### [REQUIRED ACTION]
Would you reproduce exactly the lines below from the one holding "1313 circles in a circle" through the one holding "Bath & Body", inclusive, and no others?

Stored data
=== Section Start ===
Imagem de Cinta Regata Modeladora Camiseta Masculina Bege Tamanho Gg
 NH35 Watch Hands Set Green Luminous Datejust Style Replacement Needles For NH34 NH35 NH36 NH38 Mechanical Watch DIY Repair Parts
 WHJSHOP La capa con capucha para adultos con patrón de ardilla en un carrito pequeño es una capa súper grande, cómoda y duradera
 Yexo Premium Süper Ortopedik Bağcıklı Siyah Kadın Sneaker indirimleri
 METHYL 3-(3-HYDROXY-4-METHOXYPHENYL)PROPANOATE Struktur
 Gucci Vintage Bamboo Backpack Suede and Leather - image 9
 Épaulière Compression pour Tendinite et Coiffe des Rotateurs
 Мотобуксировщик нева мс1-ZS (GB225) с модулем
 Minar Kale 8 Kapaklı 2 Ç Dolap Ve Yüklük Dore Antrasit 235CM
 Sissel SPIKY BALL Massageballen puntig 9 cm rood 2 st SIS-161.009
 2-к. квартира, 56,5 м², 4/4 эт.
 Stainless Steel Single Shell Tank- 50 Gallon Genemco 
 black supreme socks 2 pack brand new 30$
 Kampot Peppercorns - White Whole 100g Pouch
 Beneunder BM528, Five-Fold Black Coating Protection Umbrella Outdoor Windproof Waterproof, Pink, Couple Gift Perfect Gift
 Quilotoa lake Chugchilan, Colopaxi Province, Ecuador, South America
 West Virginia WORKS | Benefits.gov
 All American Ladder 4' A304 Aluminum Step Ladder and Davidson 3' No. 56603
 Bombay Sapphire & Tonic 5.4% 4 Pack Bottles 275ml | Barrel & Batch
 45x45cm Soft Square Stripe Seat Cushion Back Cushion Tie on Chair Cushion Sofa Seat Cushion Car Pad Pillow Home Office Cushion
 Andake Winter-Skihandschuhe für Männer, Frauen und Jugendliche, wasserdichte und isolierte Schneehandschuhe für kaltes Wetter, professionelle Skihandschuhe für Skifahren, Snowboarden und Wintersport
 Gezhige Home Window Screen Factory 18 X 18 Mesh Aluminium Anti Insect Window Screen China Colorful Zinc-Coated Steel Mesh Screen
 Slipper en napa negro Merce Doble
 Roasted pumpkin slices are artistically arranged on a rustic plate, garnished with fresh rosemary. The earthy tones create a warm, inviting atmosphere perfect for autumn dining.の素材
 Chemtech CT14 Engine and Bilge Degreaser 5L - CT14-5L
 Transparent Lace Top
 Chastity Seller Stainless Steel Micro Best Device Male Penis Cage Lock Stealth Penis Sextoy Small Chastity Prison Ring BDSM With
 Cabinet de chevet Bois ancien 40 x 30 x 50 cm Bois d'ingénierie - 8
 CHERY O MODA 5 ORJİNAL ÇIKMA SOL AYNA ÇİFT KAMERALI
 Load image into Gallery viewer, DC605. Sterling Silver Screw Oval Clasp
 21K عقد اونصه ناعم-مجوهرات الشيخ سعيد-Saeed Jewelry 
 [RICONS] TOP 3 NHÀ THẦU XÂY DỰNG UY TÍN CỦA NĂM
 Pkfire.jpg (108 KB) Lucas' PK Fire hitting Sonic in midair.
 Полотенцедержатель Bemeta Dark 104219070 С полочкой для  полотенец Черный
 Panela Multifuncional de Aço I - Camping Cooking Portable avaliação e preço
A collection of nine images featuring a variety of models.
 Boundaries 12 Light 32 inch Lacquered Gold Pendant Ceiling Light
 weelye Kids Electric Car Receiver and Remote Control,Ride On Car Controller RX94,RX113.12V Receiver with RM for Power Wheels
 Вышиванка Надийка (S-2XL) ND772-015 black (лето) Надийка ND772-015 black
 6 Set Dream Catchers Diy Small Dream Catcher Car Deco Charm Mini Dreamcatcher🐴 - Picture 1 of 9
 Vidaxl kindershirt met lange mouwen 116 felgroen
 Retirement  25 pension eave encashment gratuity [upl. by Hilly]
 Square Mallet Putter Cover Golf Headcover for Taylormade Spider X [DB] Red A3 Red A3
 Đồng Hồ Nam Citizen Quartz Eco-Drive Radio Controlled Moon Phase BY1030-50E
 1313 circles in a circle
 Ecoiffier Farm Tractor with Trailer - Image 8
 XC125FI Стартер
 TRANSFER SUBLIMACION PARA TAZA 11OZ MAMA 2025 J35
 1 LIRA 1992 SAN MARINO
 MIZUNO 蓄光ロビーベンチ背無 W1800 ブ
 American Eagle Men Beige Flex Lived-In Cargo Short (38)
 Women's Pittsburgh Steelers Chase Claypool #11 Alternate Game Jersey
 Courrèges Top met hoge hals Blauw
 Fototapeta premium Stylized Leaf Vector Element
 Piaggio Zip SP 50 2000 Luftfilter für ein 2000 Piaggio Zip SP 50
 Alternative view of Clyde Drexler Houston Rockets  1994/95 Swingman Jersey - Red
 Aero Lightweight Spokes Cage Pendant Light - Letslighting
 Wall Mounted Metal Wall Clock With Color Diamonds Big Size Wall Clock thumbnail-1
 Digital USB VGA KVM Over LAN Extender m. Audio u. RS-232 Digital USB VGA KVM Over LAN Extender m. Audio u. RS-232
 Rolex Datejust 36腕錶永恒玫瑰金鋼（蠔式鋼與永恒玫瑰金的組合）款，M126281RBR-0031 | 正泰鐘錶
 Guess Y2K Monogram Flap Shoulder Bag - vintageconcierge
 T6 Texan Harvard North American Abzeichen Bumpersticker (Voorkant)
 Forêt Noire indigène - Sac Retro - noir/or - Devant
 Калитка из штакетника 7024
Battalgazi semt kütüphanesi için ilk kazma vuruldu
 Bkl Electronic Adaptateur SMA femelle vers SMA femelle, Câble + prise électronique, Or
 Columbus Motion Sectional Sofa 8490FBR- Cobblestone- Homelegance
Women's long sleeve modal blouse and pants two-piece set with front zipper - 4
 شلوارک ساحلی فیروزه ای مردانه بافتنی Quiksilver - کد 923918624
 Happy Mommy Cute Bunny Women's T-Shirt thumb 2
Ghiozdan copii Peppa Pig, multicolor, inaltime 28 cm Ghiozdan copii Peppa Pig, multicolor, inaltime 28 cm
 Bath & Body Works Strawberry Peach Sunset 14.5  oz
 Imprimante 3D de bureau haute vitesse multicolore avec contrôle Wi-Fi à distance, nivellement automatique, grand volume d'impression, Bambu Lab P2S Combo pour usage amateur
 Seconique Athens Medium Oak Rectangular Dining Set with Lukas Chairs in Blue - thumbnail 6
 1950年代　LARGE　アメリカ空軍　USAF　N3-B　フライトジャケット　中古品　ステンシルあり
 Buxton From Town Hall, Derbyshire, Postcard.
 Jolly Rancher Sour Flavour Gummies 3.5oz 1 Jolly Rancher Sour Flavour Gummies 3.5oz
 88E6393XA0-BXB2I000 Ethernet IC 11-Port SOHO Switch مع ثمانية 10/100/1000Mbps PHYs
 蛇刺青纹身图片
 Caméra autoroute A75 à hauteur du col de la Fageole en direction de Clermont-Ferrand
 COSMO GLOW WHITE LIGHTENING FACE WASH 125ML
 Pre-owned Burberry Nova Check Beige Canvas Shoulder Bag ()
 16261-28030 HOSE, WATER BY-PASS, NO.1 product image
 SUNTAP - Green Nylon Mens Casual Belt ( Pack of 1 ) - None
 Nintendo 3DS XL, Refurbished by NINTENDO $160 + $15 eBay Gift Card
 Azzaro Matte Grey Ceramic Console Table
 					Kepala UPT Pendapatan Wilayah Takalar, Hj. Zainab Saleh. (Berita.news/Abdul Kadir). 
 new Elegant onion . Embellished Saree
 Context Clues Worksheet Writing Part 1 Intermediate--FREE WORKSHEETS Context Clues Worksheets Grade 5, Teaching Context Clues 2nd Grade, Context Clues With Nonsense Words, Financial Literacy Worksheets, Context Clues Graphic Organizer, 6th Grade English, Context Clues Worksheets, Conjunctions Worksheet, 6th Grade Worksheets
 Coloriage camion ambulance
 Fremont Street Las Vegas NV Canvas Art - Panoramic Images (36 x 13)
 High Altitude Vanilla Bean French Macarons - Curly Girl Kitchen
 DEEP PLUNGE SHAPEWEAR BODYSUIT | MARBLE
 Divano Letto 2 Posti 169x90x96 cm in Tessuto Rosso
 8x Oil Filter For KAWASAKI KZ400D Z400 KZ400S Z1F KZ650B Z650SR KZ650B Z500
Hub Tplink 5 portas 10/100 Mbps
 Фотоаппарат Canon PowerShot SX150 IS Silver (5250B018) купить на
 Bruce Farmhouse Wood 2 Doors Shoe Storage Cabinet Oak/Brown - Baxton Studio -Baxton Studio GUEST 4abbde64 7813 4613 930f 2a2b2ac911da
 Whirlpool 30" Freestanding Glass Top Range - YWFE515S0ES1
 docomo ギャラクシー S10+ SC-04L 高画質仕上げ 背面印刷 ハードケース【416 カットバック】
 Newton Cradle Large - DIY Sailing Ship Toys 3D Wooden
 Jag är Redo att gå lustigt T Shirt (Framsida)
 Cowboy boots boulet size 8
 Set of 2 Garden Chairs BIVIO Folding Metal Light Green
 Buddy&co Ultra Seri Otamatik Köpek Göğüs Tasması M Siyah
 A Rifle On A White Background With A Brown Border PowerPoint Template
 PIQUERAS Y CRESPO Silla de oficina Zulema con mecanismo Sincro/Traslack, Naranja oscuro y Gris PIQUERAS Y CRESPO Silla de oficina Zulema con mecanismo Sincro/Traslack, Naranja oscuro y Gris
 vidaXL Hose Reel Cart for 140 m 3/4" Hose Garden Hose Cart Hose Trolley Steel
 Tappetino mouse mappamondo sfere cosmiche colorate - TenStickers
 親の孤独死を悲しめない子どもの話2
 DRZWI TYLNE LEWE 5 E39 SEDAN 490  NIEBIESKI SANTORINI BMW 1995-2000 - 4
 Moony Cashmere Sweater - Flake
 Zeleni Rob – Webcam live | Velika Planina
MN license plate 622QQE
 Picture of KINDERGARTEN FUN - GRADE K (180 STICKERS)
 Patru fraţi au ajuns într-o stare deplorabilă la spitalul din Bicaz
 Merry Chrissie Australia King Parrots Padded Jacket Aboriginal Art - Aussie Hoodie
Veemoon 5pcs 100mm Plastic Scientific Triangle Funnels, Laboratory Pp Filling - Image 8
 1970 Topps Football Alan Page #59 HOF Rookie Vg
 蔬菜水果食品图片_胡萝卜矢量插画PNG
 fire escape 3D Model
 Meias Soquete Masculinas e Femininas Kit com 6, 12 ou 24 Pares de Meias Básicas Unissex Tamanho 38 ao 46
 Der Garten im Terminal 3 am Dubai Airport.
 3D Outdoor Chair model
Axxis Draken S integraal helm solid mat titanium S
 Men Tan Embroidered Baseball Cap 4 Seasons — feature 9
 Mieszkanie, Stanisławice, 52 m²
=== Section End ===
### [WRITTEN SOLUTION]
 1313 circles in a circle
 Ecoiffier Farm Tractor with Trailer - Image 8
 XC125FI Стартер
 TRANSFER SUBLIMACION PARA TAZA 11OZ MAMA 2025 J35
 1 LIRA 1992 SAN MARINO
 MIZUNO 蓄光ロビーベンチ背無 W1800 ブ
 American Eagle Men Beige Flex Lived-In Cargo Short (38)
 Women's Pittsburgh Steelers Chase Claypool #11 Alternate Game Jersey
 Courrèges Top met hoge hals Blauw
 Fototapeta premium Stylized Leaf Vector Element
 Piaggio Zip SP 50 2000 Luftfilter für ein 2000 Piaggio Zip SP 50
 Alternative view of Clyde Drexler Houston Rockets  1994/95 Swingman Jersey - Red
 Aero Lightweight Spokes Cage Pendant Light - Letslighting
 Wall Mounted Metal Wall Clock With Color Diamonds Big Size Wall Clock thumbnail-1
 Digital USB VGA KVM Over LAN Extender m. Audio u. RS-232 Digital USB VGA KVM Over LAN Extender m. Audio u. RS-232
 Rolex Datejust 36腕錶永恒玫瑰金鋼（蠔式鋼與永恒玫瑰金的組合）款，M126281RBR-0031 | 正泰鐘錶
 Guess Y2K Monogram Flap Shoulder Bag - vintageconcierge
 T6 Texan Harvard North American Abzeichen Bumpersticker (Voorkant)
 Forêt Noire indigène - Sac Retro - noir/or - Devant
 Калитка из штакетника 7024
Battalgazi semt kütüphanesi için ilk kazma vuruldu
 Bkl Electronic Adaptateur SMA femelle vers SMA femelle, Câble + prise électronique, Or
 Columbus Motion Sectional Sofa 8490FBR- Cobblestone- Homelegance
Women's long sleeve modal blouse and pants two-piece set with front zipper - 4
 شلوارک ساحلی فیروزه ای مردانه بافتنی Quiksilver - کد 923918624
 Happy Mommy Cute Bunny Women's T-Shirt thumb 2
Ghiozdan copii Peppa Pig, multicolor, inaltime 28 cm Ghiozdan copii Peppa Pig, multicolor, inaltime 28 cm
 Bath & Body Works Strawberry Peach Sunset 14.5  oz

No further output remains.